**GIVEN INFORMATION**:
------------------------------
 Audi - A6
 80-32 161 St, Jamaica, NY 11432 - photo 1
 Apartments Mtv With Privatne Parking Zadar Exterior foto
------------------------------
**EXERCISE**: Restate all of the material exactly.

**EXPECTED ANSWER**:
 Audi - A6
 80-32 161 St, Jamaica, NY 11432 - photo 1
 Apartments Mtv With Privatne Parking Zadar Exterior foto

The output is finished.